Work order: The lines from the start of the listing through the line containing "Plana - Meuble" should be printed exactly, and no other lines should be printed.

Provided entries section start

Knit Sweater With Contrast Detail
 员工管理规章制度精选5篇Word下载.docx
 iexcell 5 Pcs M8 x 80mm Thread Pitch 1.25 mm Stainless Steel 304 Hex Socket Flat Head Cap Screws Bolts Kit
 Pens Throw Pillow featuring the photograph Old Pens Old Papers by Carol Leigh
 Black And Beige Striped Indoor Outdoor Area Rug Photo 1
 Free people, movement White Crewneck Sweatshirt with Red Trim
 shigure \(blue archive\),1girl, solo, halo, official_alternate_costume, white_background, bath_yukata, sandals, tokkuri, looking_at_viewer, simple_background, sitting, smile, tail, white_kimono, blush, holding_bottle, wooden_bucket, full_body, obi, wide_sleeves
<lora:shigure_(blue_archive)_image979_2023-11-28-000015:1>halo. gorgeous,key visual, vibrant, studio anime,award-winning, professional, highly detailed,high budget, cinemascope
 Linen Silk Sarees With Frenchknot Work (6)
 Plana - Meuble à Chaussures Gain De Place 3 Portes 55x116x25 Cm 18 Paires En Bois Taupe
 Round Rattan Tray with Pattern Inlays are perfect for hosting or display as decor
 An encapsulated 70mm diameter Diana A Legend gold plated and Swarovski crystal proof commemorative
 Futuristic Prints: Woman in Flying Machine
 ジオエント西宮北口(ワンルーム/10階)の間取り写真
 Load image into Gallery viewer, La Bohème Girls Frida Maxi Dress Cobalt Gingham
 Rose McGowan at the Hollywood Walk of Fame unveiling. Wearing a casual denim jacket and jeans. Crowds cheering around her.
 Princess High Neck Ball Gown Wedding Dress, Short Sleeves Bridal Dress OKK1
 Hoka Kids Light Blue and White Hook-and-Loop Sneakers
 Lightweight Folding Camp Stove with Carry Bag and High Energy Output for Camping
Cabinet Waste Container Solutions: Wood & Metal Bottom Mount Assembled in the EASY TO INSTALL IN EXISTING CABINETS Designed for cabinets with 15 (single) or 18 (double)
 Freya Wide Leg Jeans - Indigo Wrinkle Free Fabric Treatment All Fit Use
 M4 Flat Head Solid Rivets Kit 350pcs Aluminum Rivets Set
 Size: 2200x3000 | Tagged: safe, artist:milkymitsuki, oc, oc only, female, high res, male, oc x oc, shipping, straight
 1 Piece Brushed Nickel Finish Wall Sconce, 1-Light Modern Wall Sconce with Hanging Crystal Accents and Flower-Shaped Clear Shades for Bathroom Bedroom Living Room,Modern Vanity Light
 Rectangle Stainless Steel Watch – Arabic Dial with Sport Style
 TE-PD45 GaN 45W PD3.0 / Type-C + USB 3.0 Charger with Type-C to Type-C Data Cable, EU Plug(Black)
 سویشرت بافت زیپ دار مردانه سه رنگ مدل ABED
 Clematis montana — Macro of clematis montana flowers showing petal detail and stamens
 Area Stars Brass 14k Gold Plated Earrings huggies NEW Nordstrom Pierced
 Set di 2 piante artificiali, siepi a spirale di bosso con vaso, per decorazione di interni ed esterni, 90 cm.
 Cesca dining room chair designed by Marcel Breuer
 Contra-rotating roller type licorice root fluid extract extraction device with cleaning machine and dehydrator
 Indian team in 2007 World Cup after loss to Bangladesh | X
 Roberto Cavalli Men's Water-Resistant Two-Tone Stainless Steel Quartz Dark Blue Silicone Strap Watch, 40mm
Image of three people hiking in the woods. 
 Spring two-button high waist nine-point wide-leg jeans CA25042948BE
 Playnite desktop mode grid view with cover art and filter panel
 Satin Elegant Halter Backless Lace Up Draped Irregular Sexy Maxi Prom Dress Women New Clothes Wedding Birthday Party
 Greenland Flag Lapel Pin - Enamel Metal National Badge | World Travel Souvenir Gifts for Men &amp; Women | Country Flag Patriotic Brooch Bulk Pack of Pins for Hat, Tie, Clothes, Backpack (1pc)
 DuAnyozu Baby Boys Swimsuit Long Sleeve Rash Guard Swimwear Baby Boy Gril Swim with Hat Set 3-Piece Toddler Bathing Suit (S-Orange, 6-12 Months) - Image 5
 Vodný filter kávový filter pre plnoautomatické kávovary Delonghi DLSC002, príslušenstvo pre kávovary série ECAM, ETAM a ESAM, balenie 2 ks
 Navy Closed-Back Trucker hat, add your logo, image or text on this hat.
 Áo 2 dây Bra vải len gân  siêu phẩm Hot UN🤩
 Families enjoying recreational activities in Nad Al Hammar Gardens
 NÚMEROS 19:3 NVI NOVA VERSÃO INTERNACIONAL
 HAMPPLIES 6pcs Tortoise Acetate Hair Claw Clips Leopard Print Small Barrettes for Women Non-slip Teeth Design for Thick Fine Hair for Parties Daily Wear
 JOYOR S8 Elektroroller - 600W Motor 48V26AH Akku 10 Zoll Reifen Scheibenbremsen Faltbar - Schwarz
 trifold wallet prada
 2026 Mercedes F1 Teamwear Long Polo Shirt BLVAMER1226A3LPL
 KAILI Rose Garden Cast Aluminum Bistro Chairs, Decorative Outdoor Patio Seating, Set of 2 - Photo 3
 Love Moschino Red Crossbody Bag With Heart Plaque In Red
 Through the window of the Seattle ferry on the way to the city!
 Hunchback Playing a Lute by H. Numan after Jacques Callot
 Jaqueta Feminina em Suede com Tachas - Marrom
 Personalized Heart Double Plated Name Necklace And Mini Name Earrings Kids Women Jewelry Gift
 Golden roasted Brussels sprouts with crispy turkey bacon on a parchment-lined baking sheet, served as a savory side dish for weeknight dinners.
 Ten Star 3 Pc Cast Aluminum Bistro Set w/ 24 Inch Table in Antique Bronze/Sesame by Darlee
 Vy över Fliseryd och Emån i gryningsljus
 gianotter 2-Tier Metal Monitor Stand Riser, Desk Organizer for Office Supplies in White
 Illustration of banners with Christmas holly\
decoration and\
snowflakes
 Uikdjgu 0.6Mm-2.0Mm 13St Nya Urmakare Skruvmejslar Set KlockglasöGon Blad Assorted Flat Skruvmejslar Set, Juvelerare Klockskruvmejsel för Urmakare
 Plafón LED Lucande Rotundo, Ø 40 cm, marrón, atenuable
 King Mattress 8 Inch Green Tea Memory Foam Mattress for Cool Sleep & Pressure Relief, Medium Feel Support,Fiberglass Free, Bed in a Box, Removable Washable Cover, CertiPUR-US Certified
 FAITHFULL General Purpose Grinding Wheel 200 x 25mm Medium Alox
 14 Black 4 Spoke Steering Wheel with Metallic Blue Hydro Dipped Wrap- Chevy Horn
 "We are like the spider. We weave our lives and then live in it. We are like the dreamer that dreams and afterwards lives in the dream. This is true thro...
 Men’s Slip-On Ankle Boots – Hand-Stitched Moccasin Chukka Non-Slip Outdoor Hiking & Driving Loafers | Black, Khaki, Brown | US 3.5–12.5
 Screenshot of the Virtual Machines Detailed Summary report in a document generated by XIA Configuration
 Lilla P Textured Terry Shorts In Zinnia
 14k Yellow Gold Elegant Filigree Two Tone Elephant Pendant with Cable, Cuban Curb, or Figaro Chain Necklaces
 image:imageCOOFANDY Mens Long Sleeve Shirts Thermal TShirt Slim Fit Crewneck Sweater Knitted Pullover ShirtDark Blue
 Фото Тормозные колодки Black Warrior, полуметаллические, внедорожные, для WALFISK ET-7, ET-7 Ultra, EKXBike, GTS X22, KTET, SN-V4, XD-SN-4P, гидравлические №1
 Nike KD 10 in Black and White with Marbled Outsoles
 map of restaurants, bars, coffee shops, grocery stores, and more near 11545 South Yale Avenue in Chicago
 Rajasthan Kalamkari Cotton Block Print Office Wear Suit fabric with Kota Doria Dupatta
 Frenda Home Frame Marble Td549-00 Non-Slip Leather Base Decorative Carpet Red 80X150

Provided entries section end

Response box:
Knit Sweater With Contrast Detail
 员工管理规章制度精选5篇Word下载.docx
 iexcell 5 Pcs M8 x 80mm Thread Pitch 1.25 mm Stainless Steel 304 Hex Socket Flat Head Cap Screws Bolts Kit
 Pens Throw Pillow featuring the photograph Old Pens Old Papers by Carol Leigh
 Black And Beige Striped Indoor Outdoor Area Rug Photo 1
 Free people, movement White Crewneck Sweatshirt with Red Trim
 shigure \(blue archive\),1girl, solo, halo, official_alternate_costume, white_background, bath_yukata, sandals, tokkuri, looking_at_viewer, simple_background, sitting, smile, tail, white_kimono, blush, holding_bottle, wooden_bucket, full_body, obi, wide_sleeves
<lora:shigure_(blue_archive)_image979_2023-11-28-000015:1>halo. gorgeous,key visual, vibrant, studio anime,award-winning, professional, highly detailed,high budget, cinemascope
 Linen Silk Sarees With Frenchknot Work (6)
 Plana - Meuble à Chaussures Gain De Place 3 Portes 55x116x25 Cm 18 Paires En Bois Taupe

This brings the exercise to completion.